But these are obviously not equivalent: the first type is a map where all values are either strings or ints, and the second one is either a map where all values are strings, or all values are ints.

If that's confusing, consider: {foo: 1, bar: "2"}. It satisfies `Map<String, String | int>` but not `Map<String, String> | Map<String, int>`.

(In fact, the latter is a subtype of the former.)

P.S. You also seem to have misunderstood the toplevel comment about modeling record types as maps, as being about typing maps that exist in the language.

1 comments

These types are equivalent if you consider a value of both of these types have the exact same read operations. Calling `get(String)` will return `String | int` in both cases. You're right that you could build a value of one of these types that does NOT conform to the union, however. I am not sure what's the technical name for what I am trying to say... are they "covariantly equivalent"???

EDIT: ok, I just wanted to say that one type, `Map<String, String | int>`, is a supertype of `Map<String, int> | Map<String, String>`, so if a function accepts the former, it also accepts the latter.

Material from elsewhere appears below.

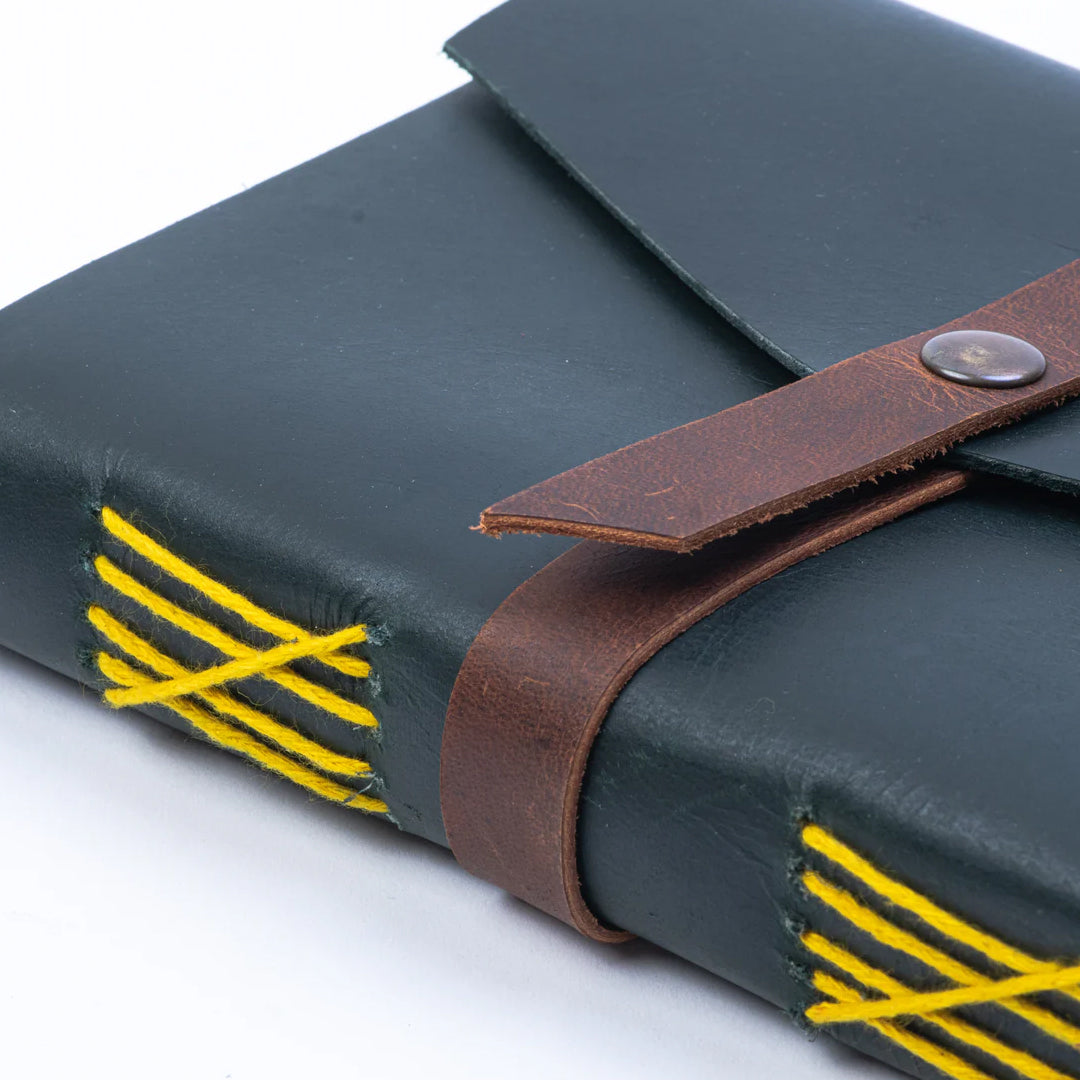 Craft Junky Leather Journal Unruled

They're not equivalent but you can substitute one for the other (one way only) and still perform the same operations (always assuming read-only types, if you introduce mutation everything becomes horrible).

I was trying to emphasize how having type "combinations" ends up causing the type system to become undecidable as you end up with infinite combinations possible, but as I haven't really gone too deeply into why, I am having trouble to articulate the argument.